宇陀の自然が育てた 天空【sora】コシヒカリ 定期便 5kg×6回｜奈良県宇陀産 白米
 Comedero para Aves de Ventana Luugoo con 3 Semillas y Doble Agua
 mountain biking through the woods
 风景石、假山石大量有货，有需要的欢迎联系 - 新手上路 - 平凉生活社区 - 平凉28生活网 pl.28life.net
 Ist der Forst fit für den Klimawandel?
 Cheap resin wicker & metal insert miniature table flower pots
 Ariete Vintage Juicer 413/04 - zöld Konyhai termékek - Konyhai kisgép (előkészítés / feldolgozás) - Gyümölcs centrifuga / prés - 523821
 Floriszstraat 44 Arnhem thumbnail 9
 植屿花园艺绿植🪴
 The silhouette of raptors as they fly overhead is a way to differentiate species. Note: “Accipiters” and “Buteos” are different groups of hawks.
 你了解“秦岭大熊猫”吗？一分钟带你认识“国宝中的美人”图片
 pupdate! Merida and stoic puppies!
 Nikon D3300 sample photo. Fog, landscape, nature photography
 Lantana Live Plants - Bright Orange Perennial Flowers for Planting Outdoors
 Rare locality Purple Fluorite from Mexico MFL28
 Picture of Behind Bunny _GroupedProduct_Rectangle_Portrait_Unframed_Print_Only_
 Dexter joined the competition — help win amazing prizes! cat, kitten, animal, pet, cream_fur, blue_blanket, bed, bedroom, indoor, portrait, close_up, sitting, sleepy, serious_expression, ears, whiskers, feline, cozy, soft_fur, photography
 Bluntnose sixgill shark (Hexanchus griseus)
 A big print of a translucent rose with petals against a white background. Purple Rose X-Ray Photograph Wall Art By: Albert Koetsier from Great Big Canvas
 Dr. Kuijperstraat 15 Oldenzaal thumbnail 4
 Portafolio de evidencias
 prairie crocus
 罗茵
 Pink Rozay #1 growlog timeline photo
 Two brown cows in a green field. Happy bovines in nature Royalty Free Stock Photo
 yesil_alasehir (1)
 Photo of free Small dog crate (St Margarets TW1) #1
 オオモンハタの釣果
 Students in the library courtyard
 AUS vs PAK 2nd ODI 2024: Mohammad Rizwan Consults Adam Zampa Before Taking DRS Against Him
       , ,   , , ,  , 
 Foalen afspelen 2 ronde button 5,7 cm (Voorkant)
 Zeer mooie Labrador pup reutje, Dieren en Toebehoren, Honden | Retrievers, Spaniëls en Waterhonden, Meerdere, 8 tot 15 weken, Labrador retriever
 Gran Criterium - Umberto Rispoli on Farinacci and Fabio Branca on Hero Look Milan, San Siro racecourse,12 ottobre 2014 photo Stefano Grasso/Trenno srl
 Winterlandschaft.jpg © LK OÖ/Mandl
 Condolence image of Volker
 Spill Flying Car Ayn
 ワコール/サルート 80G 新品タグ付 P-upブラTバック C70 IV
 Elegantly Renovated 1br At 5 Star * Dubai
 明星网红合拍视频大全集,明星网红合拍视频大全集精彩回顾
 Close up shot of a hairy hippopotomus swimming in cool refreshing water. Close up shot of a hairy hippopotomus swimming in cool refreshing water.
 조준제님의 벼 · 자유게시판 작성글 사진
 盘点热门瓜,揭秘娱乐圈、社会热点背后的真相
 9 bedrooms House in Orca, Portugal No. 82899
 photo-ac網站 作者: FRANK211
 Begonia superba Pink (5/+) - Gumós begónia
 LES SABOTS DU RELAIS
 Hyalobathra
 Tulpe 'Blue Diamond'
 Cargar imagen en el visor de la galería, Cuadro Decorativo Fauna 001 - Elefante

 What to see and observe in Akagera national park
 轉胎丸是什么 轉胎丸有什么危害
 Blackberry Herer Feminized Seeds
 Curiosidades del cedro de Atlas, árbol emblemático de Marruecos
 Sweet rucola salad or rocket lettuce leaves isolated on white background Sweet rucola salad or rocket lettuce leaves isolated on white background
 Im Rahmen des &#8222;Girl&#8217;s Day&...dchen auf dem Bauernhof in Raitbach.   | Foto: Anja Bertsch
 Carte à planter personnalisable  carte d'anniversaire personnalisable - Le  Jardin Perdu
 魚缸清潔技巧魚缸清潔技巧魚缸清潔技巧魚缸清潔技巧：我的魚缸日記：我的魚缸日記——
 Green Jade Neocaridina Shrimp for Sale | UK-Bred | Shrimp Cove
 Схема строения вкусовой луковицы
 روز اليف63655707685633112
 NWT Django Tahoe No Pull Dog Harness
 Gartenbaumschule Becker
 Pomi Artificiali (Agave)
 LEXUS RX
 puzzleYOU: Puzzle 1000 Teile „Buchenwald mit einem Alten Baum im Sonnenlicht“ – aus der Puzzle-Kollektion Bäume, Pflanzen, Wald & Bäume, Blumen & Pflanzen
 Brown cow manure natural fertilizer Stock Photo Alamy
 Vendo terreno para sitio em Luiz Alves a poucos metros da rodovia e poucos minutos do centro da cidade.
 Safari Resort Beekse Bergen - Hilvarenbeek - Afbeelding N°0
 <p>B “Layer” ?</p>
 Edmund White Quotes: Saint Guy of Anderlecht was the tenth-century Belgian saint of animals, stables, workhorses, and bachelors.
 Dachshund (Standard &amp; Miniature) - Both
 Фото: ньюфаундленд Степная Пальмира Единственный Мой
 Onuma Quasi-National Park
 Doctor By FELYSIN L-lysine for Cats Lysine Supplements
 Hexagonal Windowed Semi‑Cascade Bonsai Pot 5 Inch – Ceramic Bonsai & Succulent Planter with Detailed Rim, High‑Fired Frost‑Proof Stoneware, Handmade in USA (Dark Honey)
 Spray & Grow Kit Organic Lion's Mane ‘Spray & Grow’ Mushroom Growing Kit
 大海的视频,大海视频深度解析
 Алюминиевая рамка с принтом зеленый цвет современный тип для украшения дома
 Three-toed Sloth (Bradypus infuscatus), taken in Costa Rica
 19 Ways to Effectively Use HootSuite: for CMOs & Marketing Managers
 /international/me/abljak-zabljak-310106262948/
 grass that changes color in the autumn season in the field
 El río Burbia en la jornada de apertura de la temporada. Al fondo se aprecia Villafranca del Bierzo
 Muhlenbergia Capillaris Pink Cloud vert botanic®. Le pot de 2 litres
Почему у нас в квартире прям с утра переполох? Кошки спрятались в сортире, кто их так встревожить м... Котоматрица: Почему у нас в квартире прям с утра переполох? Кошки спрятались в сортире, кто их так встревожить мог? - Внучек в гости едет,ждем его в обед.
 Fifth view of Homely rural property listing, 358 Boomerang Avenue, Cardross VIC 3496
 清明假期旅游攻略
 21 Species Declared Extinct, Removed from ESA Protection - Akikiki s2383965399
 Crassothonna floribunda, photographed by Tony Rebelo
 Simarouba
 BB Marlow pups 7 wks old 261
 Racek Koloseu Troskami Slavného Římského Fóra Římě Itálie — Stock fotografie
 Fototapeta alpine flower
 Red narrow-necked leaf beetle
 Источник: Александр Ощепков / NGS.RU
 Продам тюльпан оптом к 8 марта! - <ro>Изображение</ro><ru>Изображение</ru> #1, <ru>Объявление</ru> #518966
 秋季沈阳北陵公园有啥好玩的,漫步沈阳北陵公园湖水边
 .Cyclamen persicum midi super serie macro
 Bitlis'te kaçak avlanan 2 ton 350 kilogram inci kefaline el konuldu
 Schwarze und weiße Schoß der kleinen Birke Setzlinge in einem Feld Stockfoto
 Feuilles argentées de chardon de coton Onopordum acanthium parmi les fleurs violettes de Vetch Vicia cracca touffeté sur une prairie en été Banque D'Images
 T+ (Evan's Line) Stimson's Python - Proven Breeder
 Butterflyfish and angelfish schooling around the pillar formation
=====
__Task prompt__
Every line from the first through the one containing "Pink Rozay #1 growlog timeline photo" in the listing above must be given again exactly, with nothing else alongside.

__Exercise answer__
宇陀の自然が育てた 天空【sora】コシヒカリ 定期便 5kg×6回｜奈良県宇陀産 白米
 Comedero para Aves de Ventana Luugoo con 3 Semillas y Doble Agua
 mountain biking through the woods
 风景石、假山石大量有货，有需要的欢迎联系 - 新手上路 - 平凉生活社区 - 平凉28生活网 pl.28life.net
 Ist der Forst fit für den Klimawandel?
 Cheap resin wicker & metal insert miniature table flower pots
 Ariete Vintage Juicer 413/04 - zöld Konyhai termékek - Konyhai kisgép (előkészítés / feldolgozás) - Gyümölcs centrifuga / prés - 523821
 Floriszstraat 44 Arnhem thumbnail 9
 植屿花园艺绿植🪴
 The silhouette of raptors as they fly overhead is a way to differentiate species. Note: “Accipiters” and “Buteos” are different groups of hawks.
 你了解“秦岭大熊猫”吗？一分钟带你认识“国宝中的美人”图片
 pupdate! Merida and stoic puppies!
 Nikon D3300 sample photo. Fog, landscape, nature photography
 Lantana Live Plants - Bright Orange Perennial Flowers for Planting Outdoors
 Rare locality Purple Fluorite from Mexico MFL28
 Picture of Behind Bunny _GroupedProduct_Rectangle_Portrait_Unframed_Print_Only_
 Dexter joined the competition — help win amazing prizes! cat, kitten, animal, pet, cream_fur, blue_blanket, bed, bedroom, indoor, portrait, close_up, sitting, sleepy, serious_expression, ears, whiskers, feline, cozy, soft_fur, photography
 Bluntnose sixgill shark (Hexanchus griseus)
 A big print of a translucent rose with petals against a white background. Purple Rose X-Ray Photograph Wall Art By: Albert Koetsier from Great Big Canvas
 Dr. Kuijperstraat 15 Oldenzaal thumbnail 4
 Portafolio de evidencias
 prairie crocus
 罗茵
 Pink Rozay #1 growlog timeline photo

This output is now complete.